Pictured above are two adult servings and several nuggets for the kids.


Ingredients:

2 chicken breasts, butterflied (can be cut up into bite sized pieces for nuggets)

1 tsp/5 ml salt

¼ cup/60ml potato starch (by volume)

¼ cup/60ml toasted white sesame seeds (goma), milled in a coffee grinder

oil for frying, at least 1” deep in a heavy pan


Rinse the chicken breast and pat dry before butterflying it. Cutting it in half helps it to cook faster and more evenly. Salt all sides.

In a separate dish, such as a pie plate or low bowl, mix together the potato starch and sesame seeds with a fork or whisk. Coat all sides of the chicken with the potato starch/sesame seed mixture.

Make sure the oil is smoking hot, about 350 degrees Fahrenheit. Place chicken gently in the oil, be careful as it is very hot and can splatter easily.

Cook the chicken for about 3-5 minutes until the breading is golden brown. Turn and repeat on the other side for about 3-5 more minutes. Remove from oil and drain. Serve warm.

Makes 4 main course servings.

Monday, January 17, 2011

Sauteed Chicken and Dandelion Leaves with Tamari

I know what you must be thinking, dandelion leaves? I had the same reaction a couple of years ago when I saw them in the produce section of my local health food store. What does one do with dandelion leaves? Dandelion's are good in a salad, they aid in digestion by stimulating the liver, and act as a mild laxative. They are also a great substitute for spinach in the early spring when they are at their peak. In this season of detoxification, I thought I'd add my own spin on an old recipe.

In Japan this recipe was originally called daikon no ha to sake, sauteed Japanese white radish leaves and grilled salmon with soy sauce. I am not one to eat radish leaves, personally I believe they have a sharper bite to them then arugula leaves, but I still liked the thought of salmon and sauteed greens flavored with soy sauce. The first time I made this dish was with salmon and dandelion, since I knew this green was supposed to be good for me and I wanted to give it a try. It turned out much better than I expected.

I got this recipe from my favorite authority on Japanese country cooking and restaurant owner, Gaku Homma. I've used his cookbook 'The Folk Art of Japanese Country Cooking' to the point that the pages are falling out. He also had a suggestion that chicken could be used in this recipe, so being the good experimentalist that I am, I had to try it out with the dandelion leaves.
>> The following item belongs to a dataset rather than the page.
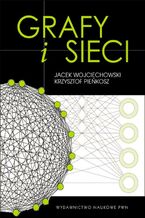 Okładka - Grafy i sieci - Jacek Wojciechowski, Krzysztof Pieńkosz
Thus this recipe was born. Trust me, if you get the dandelion leaves in early spring, they have a wonderful mild flavor that is surprisingly refreshing and mixed with the flavor of shiitake mushrooms and sauteed chicken, it may soon be your favorite standby recipe.





1 bunch of fresh dandelion leaves, washed
2 tsp sesame oil, not the toasted variety
1/2 oz. grated ginger (about 1/2 inch off of a piece of fresh ginger) or 1/4 tsp ginger powder
2 scallions, chopped
1 lb. ground or thinly sliced chicken
3 to 4 dried shiitake mushrooms, reconstituted in 1 cup hot water for 10 minutes
2 Tbs. wheat free tamari
3 Tbs. sake
1 Tbs. brown sugar

  1. Bring a large pot of water and 1 Tbs of salt to a boil. Add dandelion leaves and boil for 10 minutes. Remove dandelion leaves and soak in ice water or run under cold water for 10 minutes.
  2. Squeeze out excess water and chop finely. In a heated skillet, coat with the oil and saute chopped scallions, dandelion, and grated ginger (remove skin before grating) for 7 to 8 minutes. Save the water the shiitake was in, remove the stems and thinly slice the mushrooms; add to the skillet and saute for 2 more minutes.
  3. Move the vegetables over to one side of the skillet and add the chicken. Saute until the meat changes color, while stirring the vegetables to make sure that they do not become overcooked. Add the water from the mushrooms, tamari, sake, and sugar; mix well. Saute until all the liquid is absorbed. Serve and enjoy.
Note: If you are not a big sake person, you can use 2 Tbs of mirin or sweet rice wine in place of the sake and sugar.